The Board had agreed at the Time-Table Committee meeting for clearing them
based on the report prepared by Southern Railway. These proposals had also
been included in the Railway budget.
As per the time-table which has now been finalised, the proposal to
introduce the bi-weekly Madurai-Jammu Tawi express from June 1997 has been
dropped. This train would have been a vital connection from the southern
state to the northern state.
The proposal to increase the frequency of the Nagercoil-Mumbai express from
a tri-weekly to four days a week train following demand from passengers and
based on traffic potential studies too has been dumped. The Southern Railway
had initially recommended that the express be made a daily. Another
important proposal to introduce an inter-city express between Coimbatore and
Bangalore has been shelved.Instead the Board has directed the Southern
Railway to introduce a Shatabdi Express. Union Railways Minister Ram Vilas
Paswan had announced the introduction of a Shatabdi Express in the section
during the inauguration of the Salem-Bangalore broad gauge section. But in
the budget presented in Parliament, the minister had announced only an
inter-city express in view of the findings of the traffic studies.
Studies had shown that there was no potential for the all coach
air-conditioned on this sector. The only important stations in the section
are Salem, Erode and Dharmapuri, of which Dharmapuri is a economically
backward district. Even the Chennai-Coimbatore Shatabdi, which runs on a
trunk route, is not being booked to capacity.

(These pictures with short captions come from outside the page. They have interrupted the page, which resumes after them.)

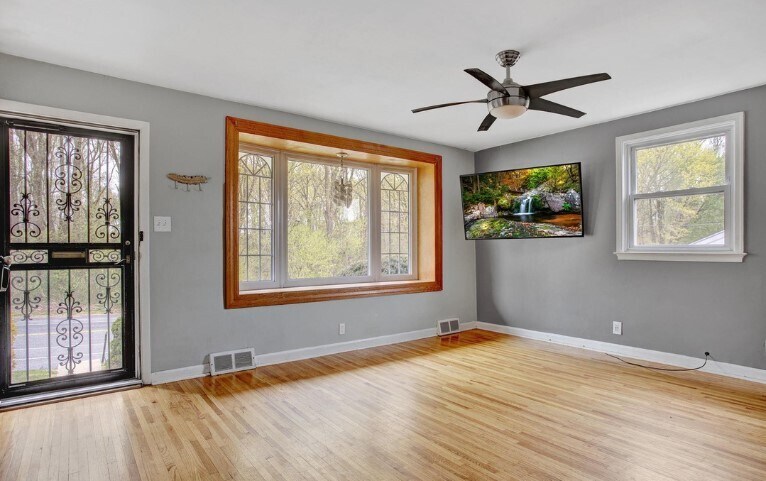 7618 Lexington Ave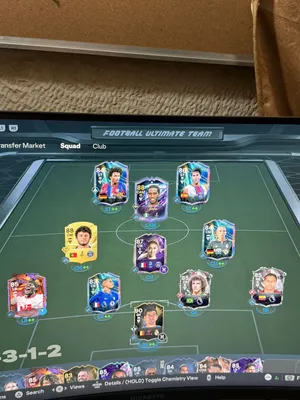 حساب بلايستيشن علي fc27 نسخة الاتميت مع تشكيلة بسعر مليون كوين وسيسون باس + 2000 fcكوين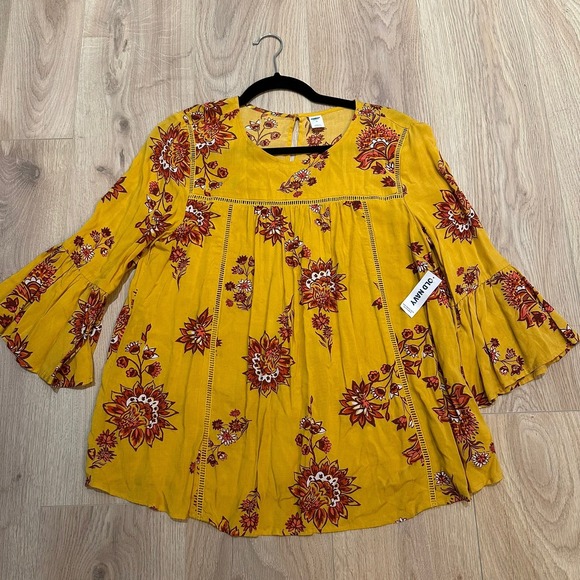 Old Navy Womens Yellow/Gold Floral 3/4 Flutter Sleeve Bohemian Top NWT! Fall - Picture 3 of 8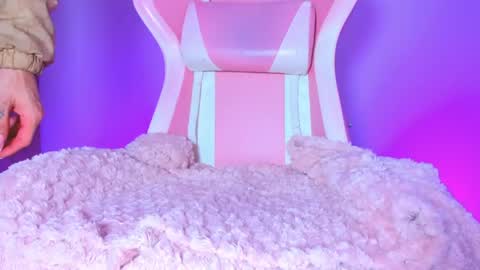 katalinaferreirax online show from 05-19-26, 01:22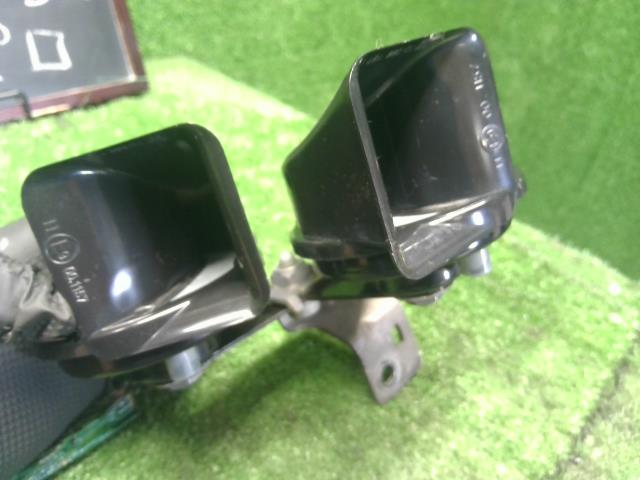 VW ポロ ホーン DBA-6RCBZ 6R0951221A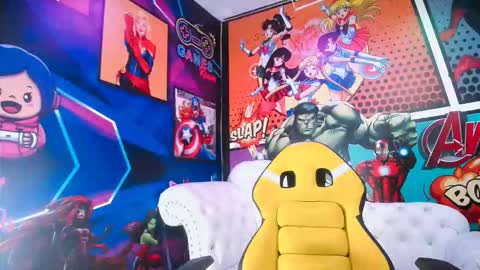 Snapshot of amarantha_naughty chatting on October 9, 9:31 pm Amarantha online show from October 9, 9:31 pm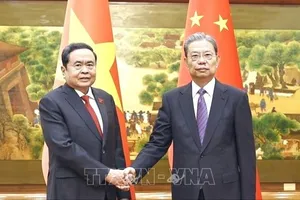 Chủ tịch Quốc hội Trần Thanh Mẫn và Ủy viên trưởng Nhân đại toàn quốc Trung Quốc Triệu Lạc Tế. Ảnh: TTXVN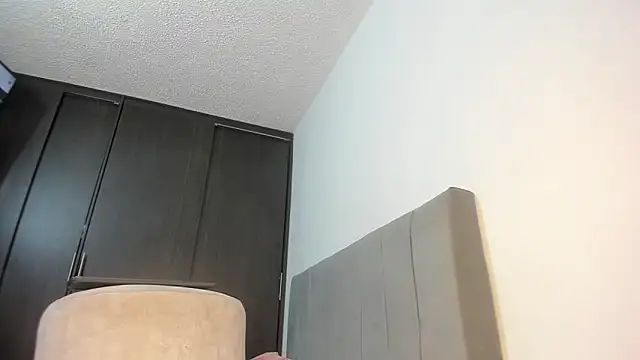 emy collyns online show from February 2026 02:42:02 AM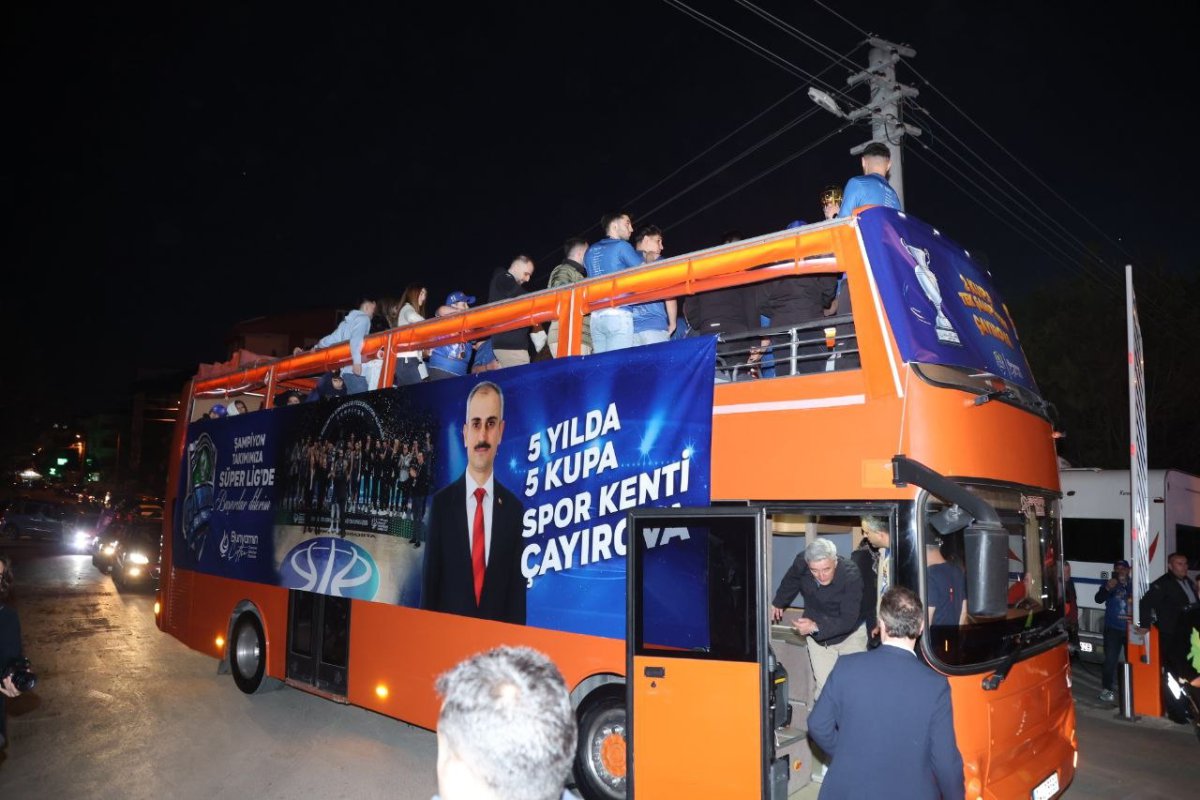 Şampiyon takım, şampiyon taraftarıyla buluştu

Similarly, the proposal to introduce the Bangalore-Tiruchi Express on the
newly converted broad gauge has been given a go by. The plan of the Southern
Railway was to extend the train to run upto Nagore once the Tiruchi-Nagore
section was converted into broad gauge.
Peculiarly, the Board has granted one more express train from the Ernakulam
in Kerala to Hazrat Nizamuddin, though the Southern Railway had not even
proposed such a train. The occupation on the Kerala-Delhi sector is only 72
per cent, whereas, on the Chennai-Delhi sector is 105 per cent and
Bangalore-Delhi sector is 110 per cent.